Translations available in: English (original) | French | Spanish | Italian | German | Portuguese | Swedish | Russian | Dutch | Arabic

I'm only writing this entry to avoid doing homework. I had previously wanted my first blog to be a special one, one filled with profoundness of thought but I just can't resist filling empty spaces. Even if this entry feels premature. Anyways, I have no purpose to write this blog except to kill time so I suppose I shall just do what I do best - rant on about nothing. Well, perhaps it is not just "nothing." The simple act of me typing these words out makes it something. Even if what I type is nonsense, it still exists. It can still be seen and access by anyone with a computer screen. But what if I just think this? Do I have to physically put it on paper or screen for it to truly exist? Or does me thinking it gives it existence? It may not surprise you that I have no answers to this. I merely pose questions, overly inflated with useless vocabulary. And if you ask me if I have any thoughts on this...well, I might but I feel too lethargic to contemplate and debate philosophy. In fact, I even had philosophy class today, and believe me, that was enough. The class is kind of boring in fact, but don't tell my teacher that. It's not really her fault. I'm just tired of reading about other philosophers and their complex queries on life. I can't help but admit to being apathetic right now...I mean, WHO CARES? My brain tells me that these questions are important because they ponder the very essence of human nature, and as a result, who I am. However, my drooping eyes tell me that I can't really make myself care. Btw, usually the eyes win. That's why I lose so many "precious" homework hours to napping. But it's not like I would've done my homework in those hours anyways.
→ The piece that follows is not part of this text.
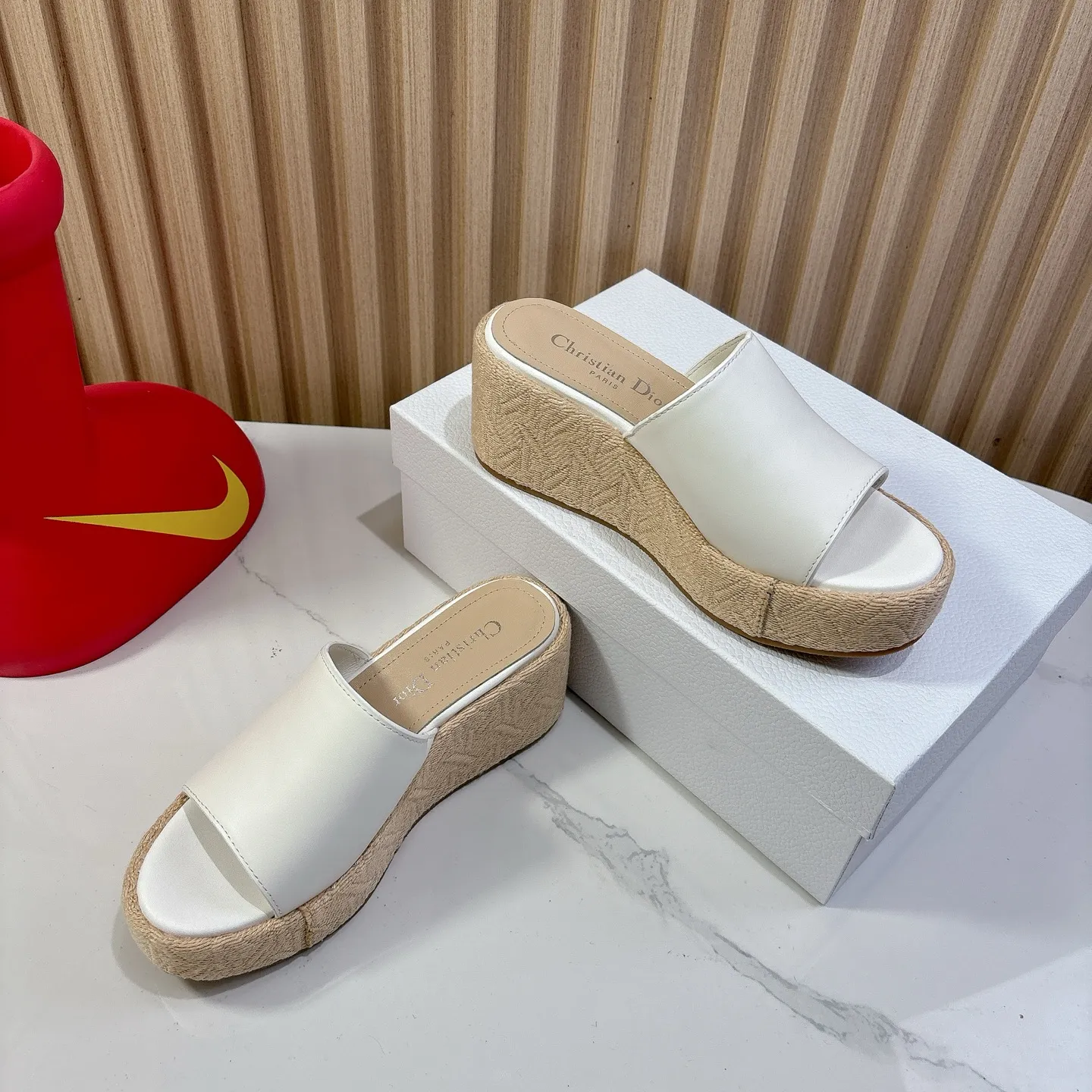 👟👟Ex-factory price 500👟👟 Dior 2025 new spring and summer Attitude women's shoes with color block cross straps wedges CD letter logo hardware buckle thick-soled round toe open-toe sandals Material: imported calfskin upper + water-dyed sheepskin foot lining + original combination outsole Bottom thickness: 6CM Size: 35-41 (40.41 custom-made non-refundable and non-exchangeable)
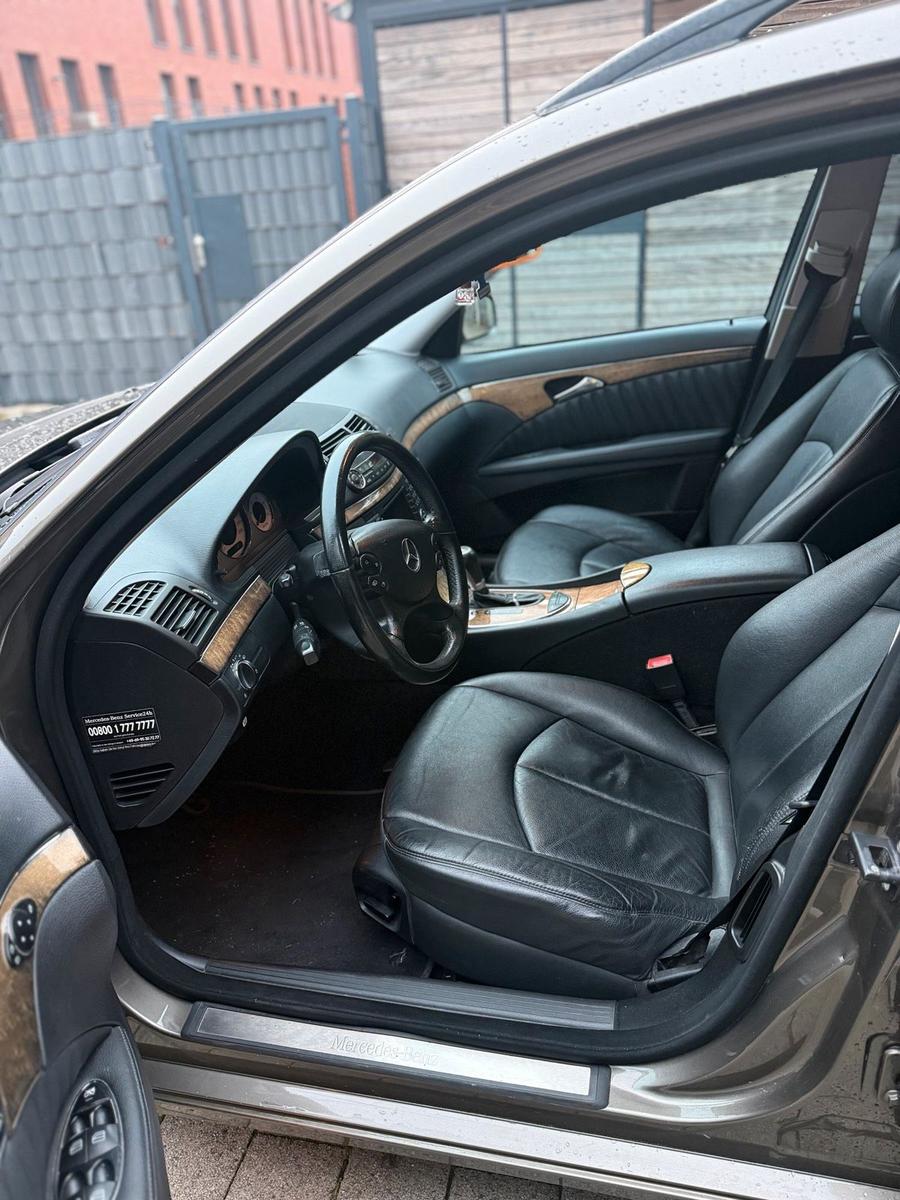 Mercedes-Benz E320 2008 — photo 7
I feel like its time for a new paragraph. Now I was planning on going on about how I work best under pressure but I've tried to impress others with it so many times that I find talking about those things kind of superficial. God, I hate that word. My dad used it in the most inaccurate way to describe me when I was in Gr. 8. He got pissed just because I got a low mark (generally an 80 or a B). [ I'm rolling my eyes as I write this.] I don't think getting a low mark qualifies being labeled "superficial." In fact, he'd be the superficial one who only assessed the value of his daughter based on her academic grades. Anyways, maybe I misinterpreted...he did say something about how all I cared about was having friends...but c'mon, I was in JUNIOR HIGH for godsakes! That's all anyone really cared about in those days! That was the beginning of teenage drama as we know it.